Mary Mudd McHale thought her brother Tom was “crazy” for wanting to do it, but he insisted.
Even in the heat of the early summer, McHale said, Tom Mudd insisted on honoring the anniversary of their great-grandfather’s release from prison with a family reunion. Mary and Tom are the great-grandchildren of Dr. Samuel Mudd, the Charles County physician who infamously tended to the wounds of John Wilkes Booth the night he assassinated Abraham Lincoln at Ford’s Theatre in Washington, D.C., on April 14, 1865.
On Friday afternoon — despite the somewhat-oppressive heat Mary had feared — she, Tom and dozens of other Mudds convened their joint celebration of their ancestor’s return from Fort Jefferson in Key West, Fla. The family had convened in Florida years ago to commemorate Dr. Mudd’s arrival at the prison. Although some joked that they wished they could have returned to Florida for another beach vacation, descendants of the doctor came from as far away as Washington, Michigan, Colorado and Missouri to attend the two-day celebration held on the grounds of the Dr. Samuel A. Mudd House Museum in Waldorf.
Despite the high temperatures, re-enactors dressed in full period costume from hoop skirts to topcoats made it feel as if one had stepped back in time for a day. Friday’s festivities at the house — also known as St. Catharine — kicked off two full days of music, tours of the home and re-enactments, said lead docent Donna Peterson. A citation that will ultimately be displayed at the home from Gov. Larry Hogan (R) in recognition of the special day was presented by his Southern Maryland liaison Gretchen Hardman to Tom, who in turn presented it to Mary, noting her place as Dr. Mudd’s oldest living descendant.
McHale recalled visiting the “old, battered and great” farm in her youth, and said it held special memories for her.
“I never thought a day would come that the house would be so protected and so well cared for,” McHale said. “Such caring people put such time and effort into this house. I always think they’re taking care of great grandpa’s house, and I love that.”

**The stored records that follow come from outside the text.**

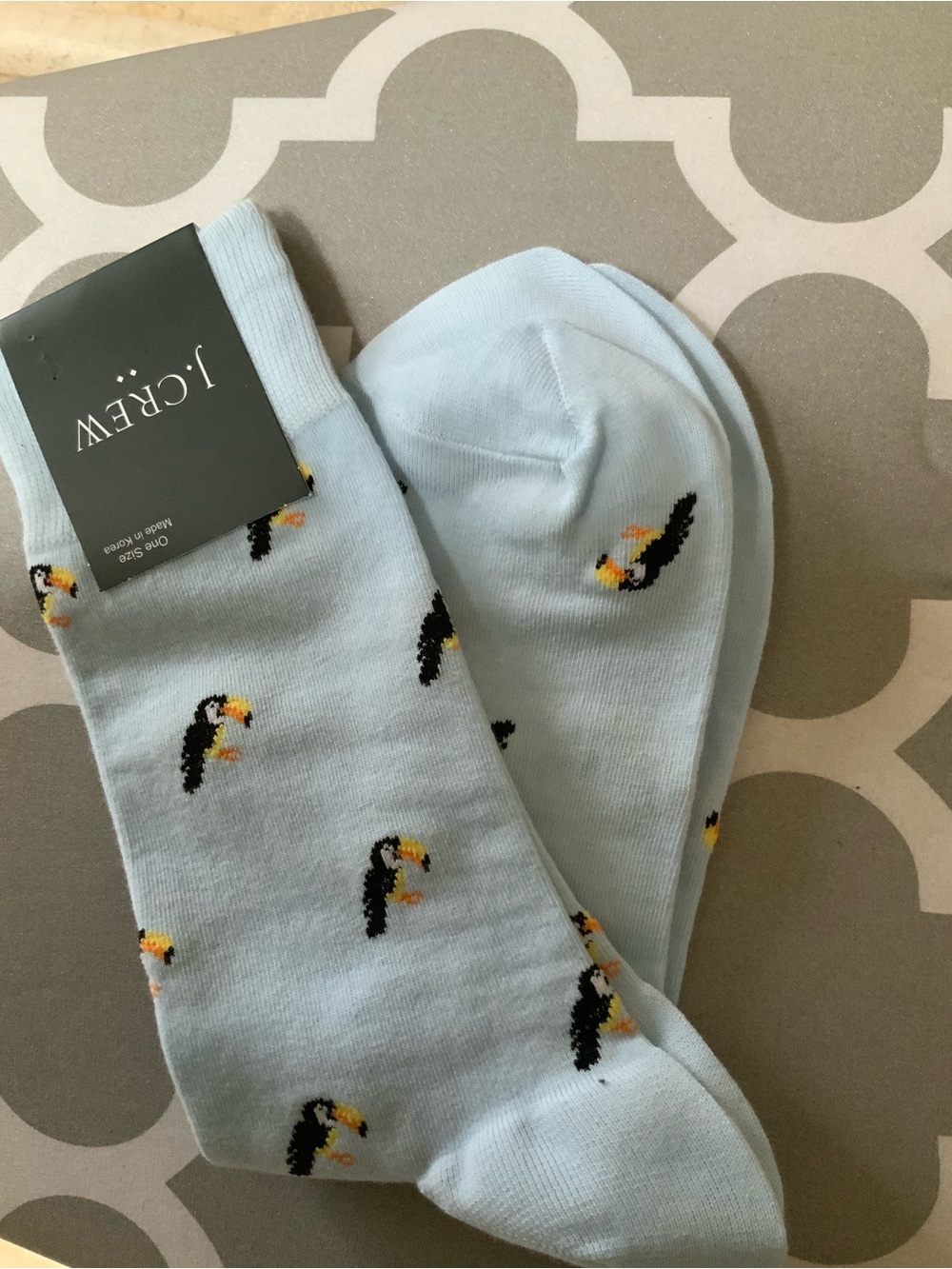 J.Crew toucan-print socks feature a light blue base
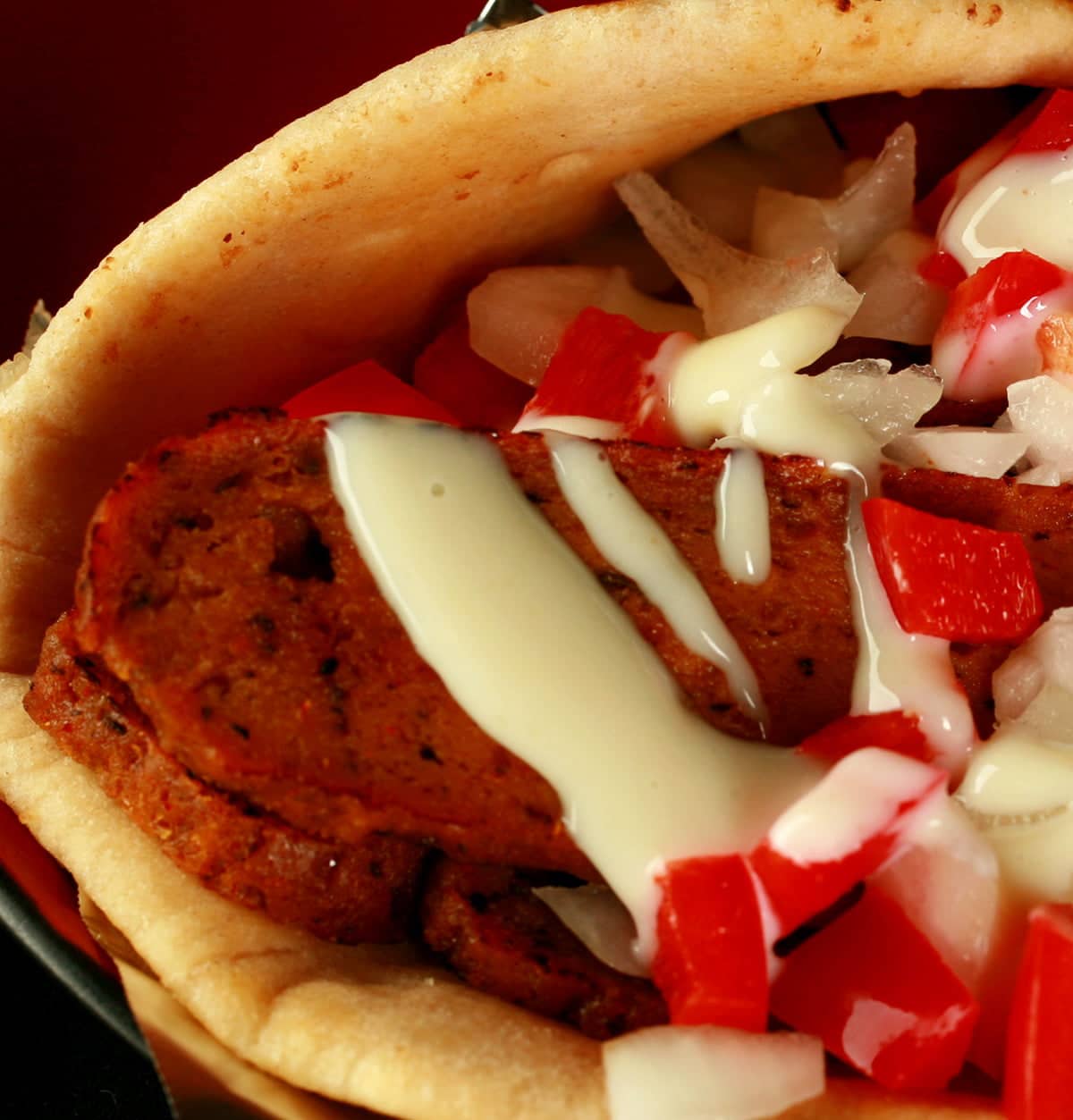 Close up view of a vegetarian donair - a pita bread folded around a pile of vegan donair "meat" slices, chopped red peppers, and donair sauce drizzled on top.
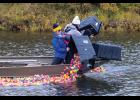 DUMPIN’ DUCKS (top) – Nicole Santonastaso, Sydney Boersma and Veronica Alviso dump rubber ducks into the Snake River for the Rotary Club of Nome’s Duck Race on Monday, September 7. Photo by Ariana Crockett O'Harra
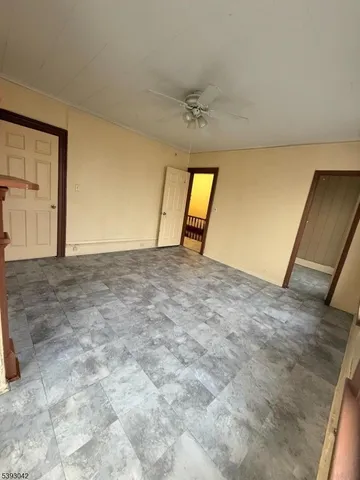 a view of empty room with a fireplace
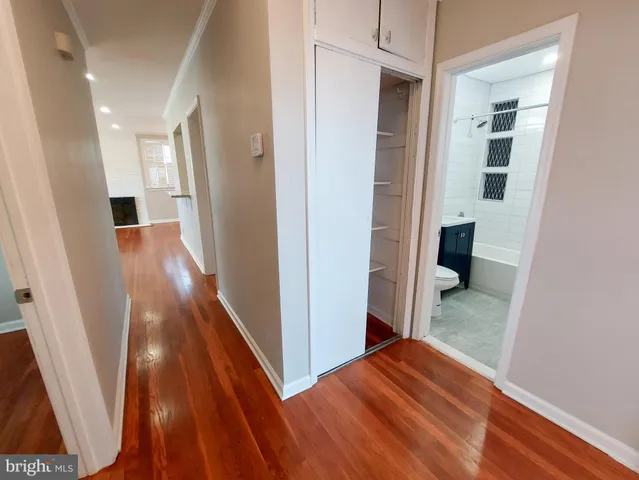 a view of a hallway with wooden floor and a bathroom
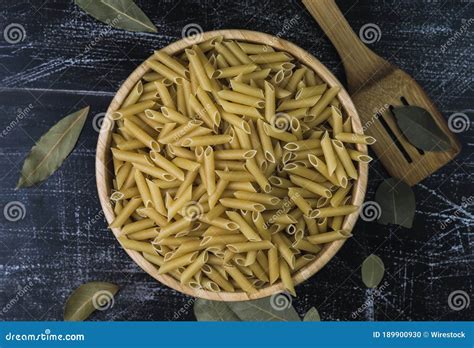 Raw Pasta Penne Rigati Macaroni In A Bowl With Bay Leaves And A Wooden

Phil Brandenburg, president of the Dr. Mudd Society, called the doctor’s 1869 pardon by President Andrew Johnson and subsequent return from prison his “silver lining.” In his time there, Brandenburg said, Dr. Mudd survived a yellow fever outbreak that killed another doctor at the prison camp.
“Today we’re here to celebrate that lovely event of Dr. Mudd returning home to his lovely wife and children,” Brandenburg said, thanking those who carry on his “life and legacy.”
Bob Bowser, a docent who portrays Dr. Mudd at the museum, said he’s “had the privilege of telling your ancestor’s story” for the last 11 years.
“I hope you find what we do here remembers him, and promotes his memory the way you want to see it cherished,” Bowser said.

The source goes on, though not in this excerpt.